I propose a second audience: parents of children on the autism spectrum. As we switched away from behavioral approaches and moved into developmental approaches, I had to learn about, well, (this is obvious, but I'll say it anyway) development. What exactly, sets children with autism apart from typically developing children? I'll be blunt: it's not a behavior or a list of behaviors. Instead, the things that set apart children with autism from their typcially developing peers include self-control, self-awareness, self-regulation, flexibility, resilience, executive functioning.
And that's what "Your Successful Preschooler" sets out to explain. The best teaching books for me have been books about typical development. Getting a picture of what typical development looks like and the importance of the parent piece in child development keeps me on track, keeps priorities in line in my mind.
The official list is
Of strong moral character
Passionate about learning
If you're parenting pre-schoolers, you'll like this book. Densmore and Bauman write about what's important for parents to know in an easy-to-understand way, without a lot of technical terms (no medical or speech-language pathology translator required), and provide how-to examples along the way. They include the importance of outdoor play and all things sensory, something I did not understand until we began intervening with a child who had regressed into autism.

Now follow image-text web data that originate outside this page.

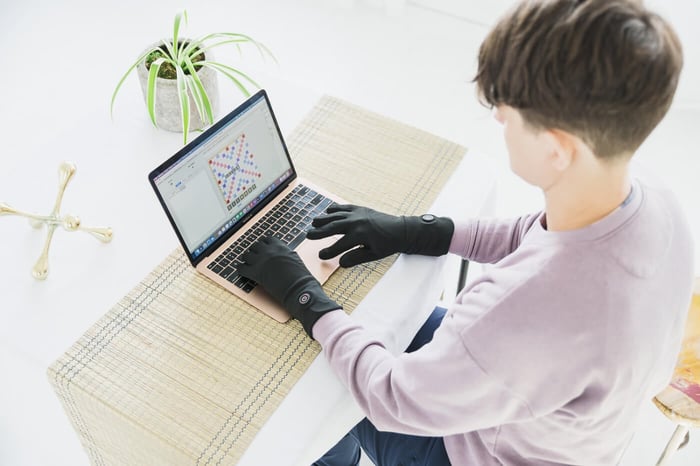 Founder Natalie typing at her computer wearing Toasty Touch heated Raynaud's gloves.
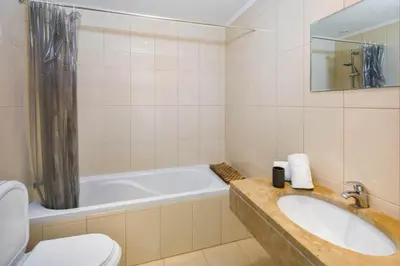 a bathroom with a tub and a sink and a toilet at Townhouse Flores in Faro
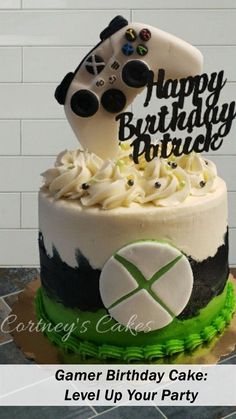 a birthday cake with a video game controller on top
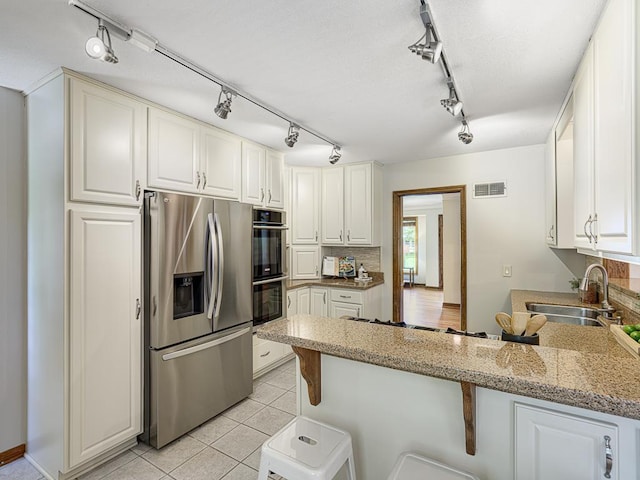 5109 Richmond Dr, Edina, MN 55436 - kitchen with stainless steel appliances, a peninsula, rail lighting, and backsplash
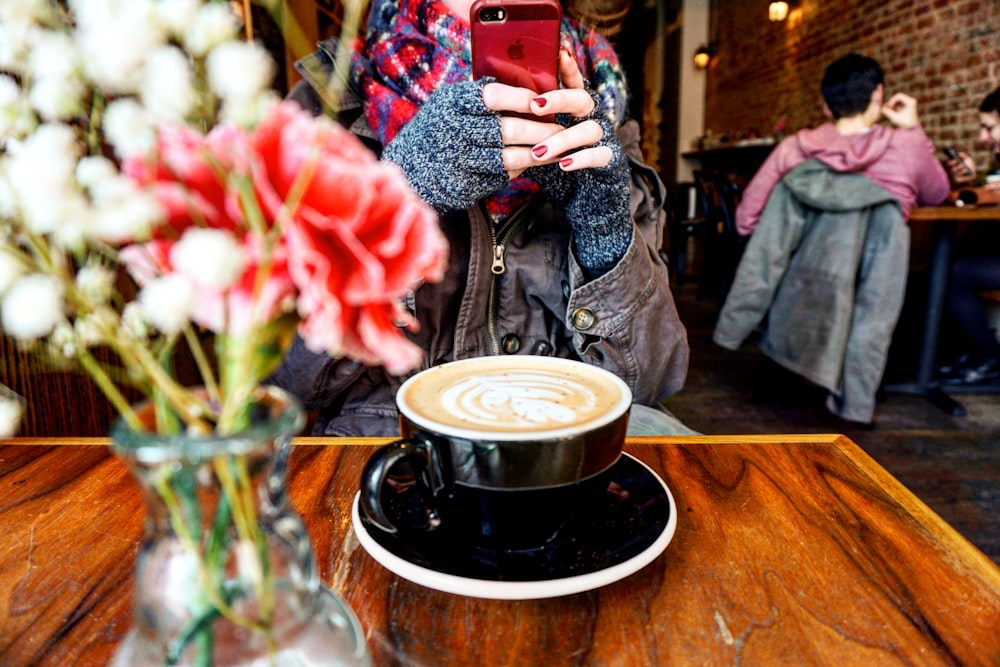 a person taking a picture of a cup of coffee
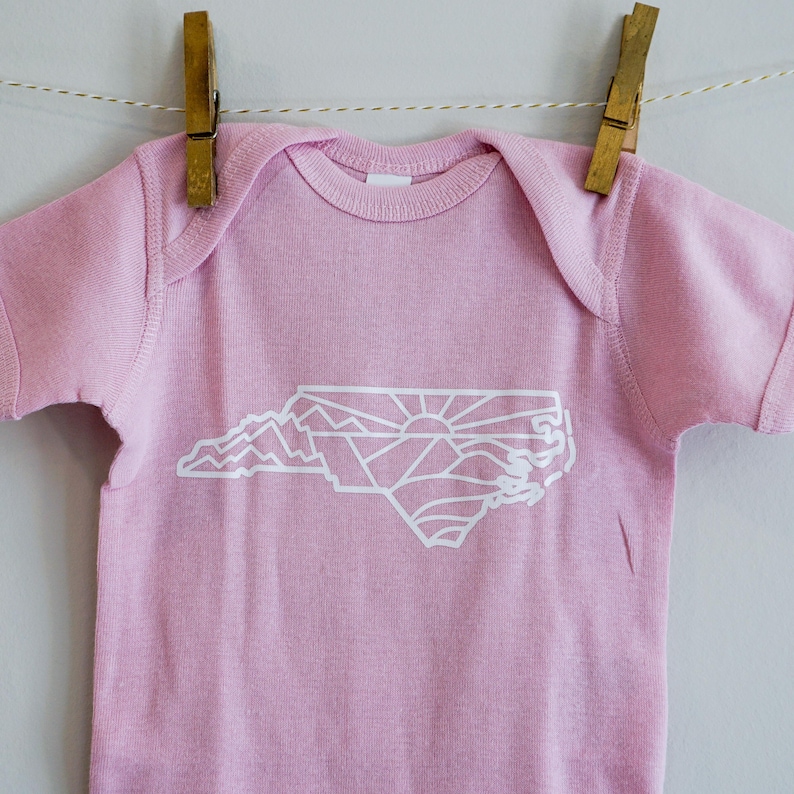 May include: A pink baby onesie with a white outline of the state of North Carolina, featuring a sunrise and mountains inside the state shape.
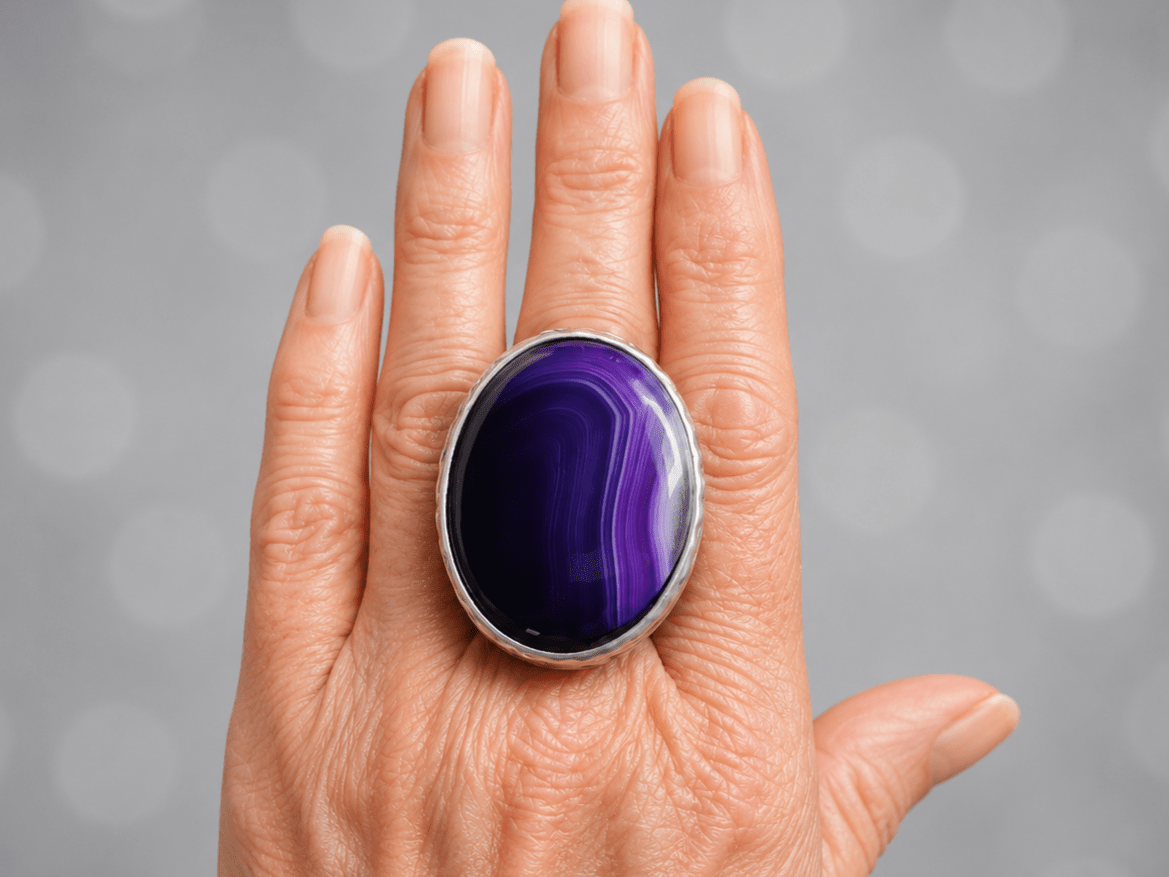 A close-up of a hand wearing a large oval ring with a polished purple agate stone in a silver bezel setting, against a soft gray bokeh background.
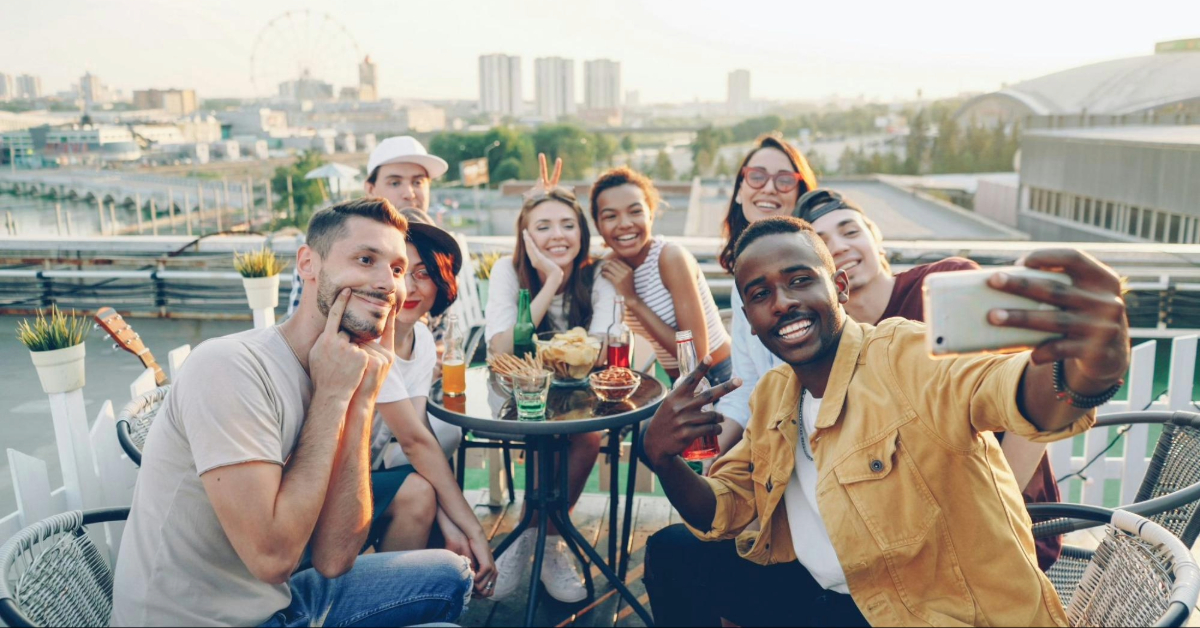 a group selfie to show how to make friends in abu dhabi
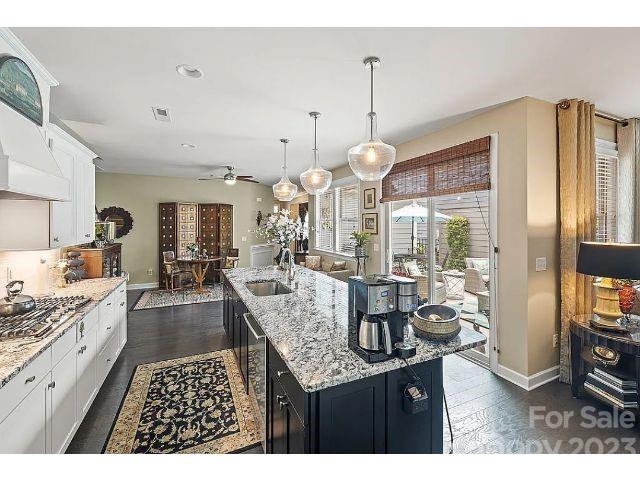 1292 Independence Street Fort Mill, SC 29708 - Photo 12 of 39 a kitchen with granite countertop a stove a sink dishwasher and a wooden cabinets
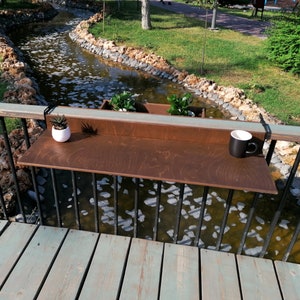May include: A brown wooden shelf attached to a black metal railing with two small potted plants and a black coffee mug on the shelf. The shelf is over a small stream of water.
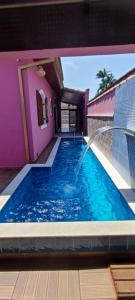a swimming pool with a fountain in a pink house at Casa Rosa de Peruíbe - Casa de Temporada 3 dormitórios, 10 hóspedes, piscina, wi-fi, netflix, 800 metros da praia in Peruíbe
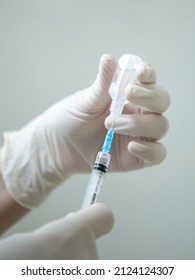 Infusion Syringe In The Hands Of A Nurse. Selective Focus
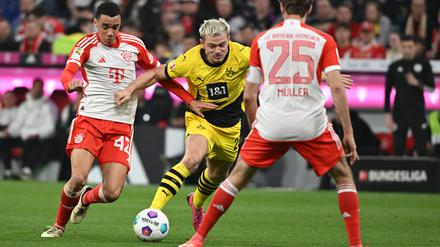 Klassiker. Bayerns Jamal Musiala (links), Dortmunds Julian Ryerson und Bayerns Thomas Müller im Kampf um den Ball.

If you're parenting a child on the autism spectrum and have made the switch or are considering the switch to a developmental approach and want to get a picture of how development plays out, this is a good introduction, a good reminder of what experience and practice, exactly, we want to give our children in terms of remediation and core deficits of autism.
Interesting sidebar: I googled the names of the authors and discovered that author Ann Densmore knows autism. She presented at a conference just last year on the topic, Using Play to Foster Communication and Social Integration in Children with Autism. I'd love to hear her thoughts on applying concepts from Your Successful Preschooler to autism.
The first chapter of the book is available here.
Jossey-Bass sent me a copy of Your Successful Preschooler to review. I am not compensated for this review and am not obligated to provide a positive review.